I seem to have missed the memo that OpenSearch replaced elasticsearch. Moving on to the OpenSearch documentation. At least this install is much simpler. I run the below commands to install the required packages, import the public GPG key, and create an APT repository. From there, I run another update and verify the available versions.

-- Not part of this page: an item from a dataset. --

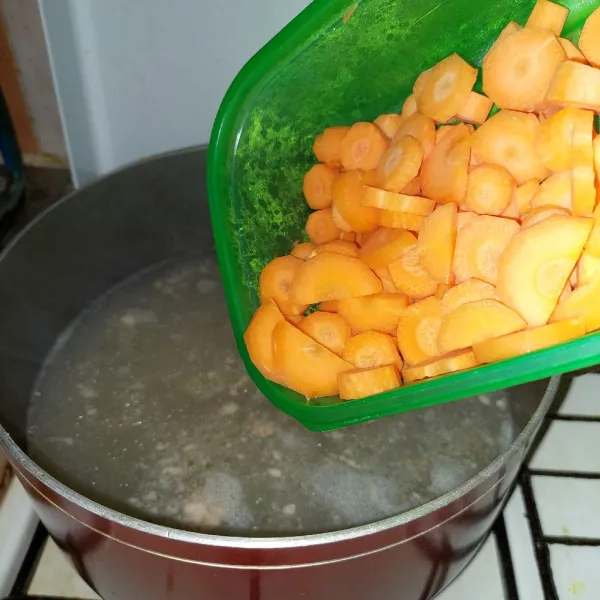 Masak wortel dalam kuah kaldu.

$ sudo apt-get update && sudo apt-get -y install lsb-release ca-certificates curl gnupg2
$ curl -o- https://artifacts.opensearch.org/publickeys/opensearch.pgp | sudo gpg --dearmor --batch --yes -o /usr/share/keyrings/opensearch-keyring
$ echo "deb [signed-by=/usr/share/keyrings/opensearch-keyring] https://artifacts.opensearch.org/releases/bundle/opensearch/2.x/apt stable main" | sudo tee /etc/apt/sources.list.d/opensearch-2.x.list
$ sudo apt-get update
$ sudo apt list -a opensearch

I can see multiple versions displayed on the screen. So far, good. No need to choose a specific version; I’m going with the latest build (stable 2.11.0 arm64). Next, I run through the below commands to install, enable, and then start OpenSearch.

$ sudo apt-get install opensearch
$ sudo systemctl enable opensearch
$ sudo systemctl start opensearch

At this point, I've got to be making some kind of progress, right?

Of course not.

Nov 27 05:27:21 ubuntu systemd-entrypoint[51166]: Exception in thread "main" java.lang.RuntimeException: starting java failed with [1]
Nov 27 05:27:21 ubuntu systemd-entrypoint[51166]: output:
Nov 27 05:27:21 ubuntu systemd-entrypoint[51166]: #
Nov 27 05:27:21 ubuntu systemd-entrypoint[51166]: # There is insufficient memory for the Java Runtime Environment to continue.
Nov 27 05:27:21 ubuntu systemd-entrypoint[51166]: # Native memory allocation (mmap) failed to map 1073741824 bytes for committing reserved memory.

Here is the output when I attempted to start OpenSearch.

Insufficient memory. Some of the more technically savvy readers probably caught my error early on, but I definitely burned through several hours before I hit the dead end. Once again, I forgot that I was dealing with an aged piece of hardware that I had not cracked open in several years. The Raspberry Pi model I'm using only has 1 GB of onboard RAM. Technically, it's enough memory to run the OS but not nearly enough for OpenSearch, let alone the Wazuh manager.

Alas, my endeavor was doomed from the beginning. Fret not, dear reader, for I shall return once more to the task of running Wazuh. However, I'll just stick to spinning up a virtual machine next time.

blue whale in body of water
My quarry escaped me this time, but I will have my vengeance. Photo by Iswanto Arif / Unsplash

Lessons Learned

  1. Document, document, document. On the plus side, I recorded every command I used as I went through this process. Unfortunately, I did not record my shenanigans; I should have saved more screenshots as I progressed to help illustrate my experience. In the heat of the moment, I believed I had enough to work with later, but as I began writing, it became apparent that I needed visuals for the outputs. Not only does this help you, the reader, understand my position better, but it also allows others to spot errors in my troubleshooting methodology.
  2. Review hardware and software dependencies. I knew coming into this project that the Pi is a long shot. It's great for small projects, but anything that requires serious computing power requires better specs (or several Pis running together, but I have only one). Fortunately, my laptop specs allow me to run multiple VM's, so all is not lost.